I am trying to find a measure of similarity between two vectors that works for any pair of vectors v, w $\in R^n$ (for any n).
for example:
v1=(1,2,4) v2=(-2,4,4) -> $sim(v1,v2) \in R$
v1'=(0,0,2,0,3) v2'=(2,4,6,1,2) -> $sim(v1',v2') \in R$
I want to be able to compare the results sim(v1,v2) and sim(v1',v2); so that for any pair (v1,v2) and (v1',v2'); I can tell which pair is more "similar".
Obviously I tried using the standard norm of the euclidean distance. But I found that the result is not actually working when you compare a distance in $R^2$ and a distance in $R^5$. It penalyses less the component-wise distances as the dimension grows (see example below)
I am wondering if there is any alternative.

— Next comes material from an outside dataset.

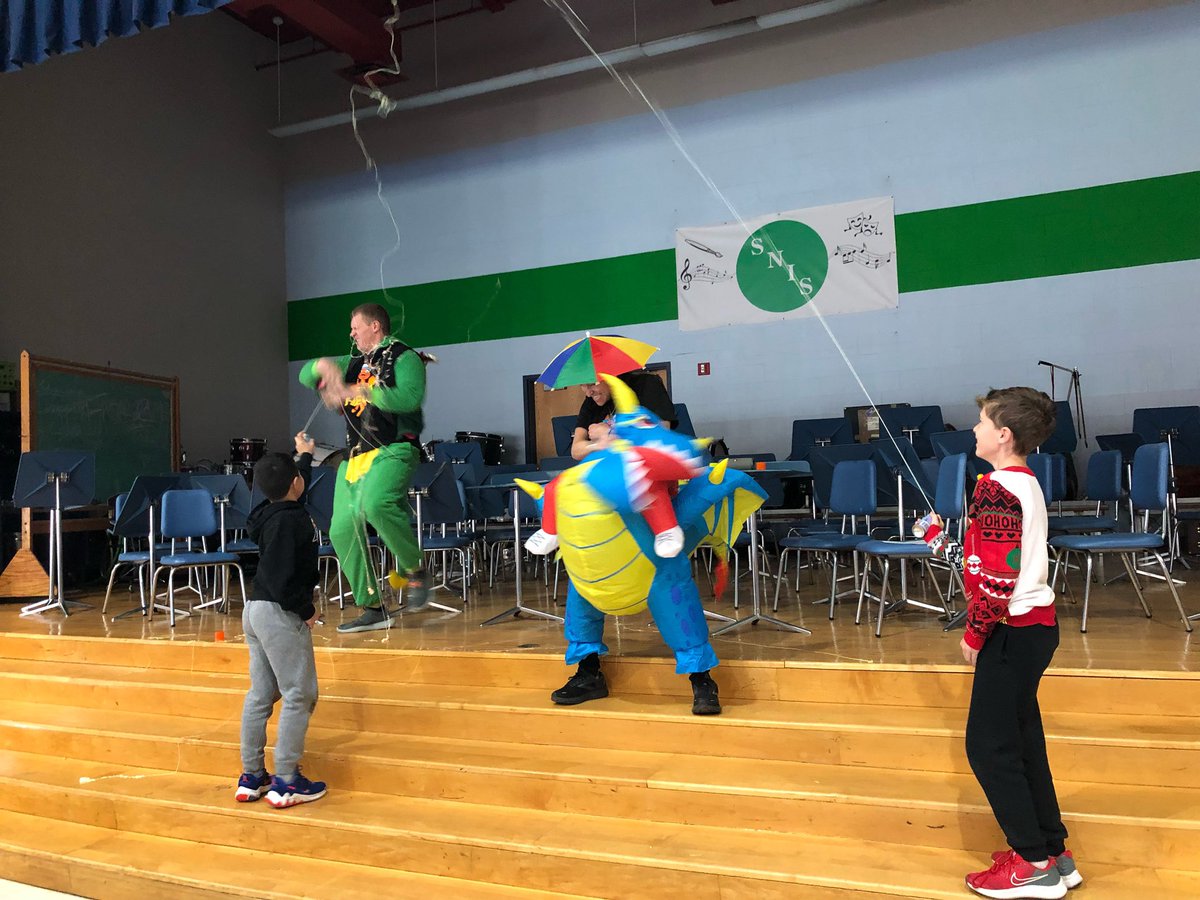 Top KHC earners slaying the dragons! <a href="/KidsHeartChall/">Kids Heart Challenge</a> <a href="/SNIS_CT/">Sarah Noble School</a>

** clarification on why I don't like the standard norm of the euc distance **
PAIR 1) v1 = (0) , v2=(1) ---> |v1-v2| = 1
PAIR 2) v1' = (0,0) , v2'=(1,1) ---> |v1'-v2'| = $sqrt(2)$ = 1.41
PAIR 3) v1''= (0,0,0), v2''=(1,1,1) ---> |v1''-v2''| = $sqrt(3)$ = 1.73
Which pair is more "alike"? I am not sure if the norm of the euclidean distance is an appropiate metric... I think that they are all as different as two vectors in its respective spaces can be. I think that the norm of the euclidean distance is not "scaled" properly.
Any ideas on how to compare?
A standard sort-of solution is the "cosine similarity" (although this is usually defined for unit vectors): You compute the angle between the two vectors, thus: $$ d(v_1, v_2) = \cos^{-1} \frac{v_1 \cdot v_2}{\|v_1\|\|v_2\|} $$
If $v_1, v_2$ are unit vectors, then you can skip dividing by the lengths, of course. The downside? If $v_1, v_2$ point in the same direction, but have different lengths, this "distance" still returns the value $0$.
The upside? If $v_1, v_2 \in \Bbb R^2 \subset \Bbb R^5$, and you compute the distance, you get the same answer whether your think of them as being in $\Bbb R^2$ or in $\Bbb R^5$.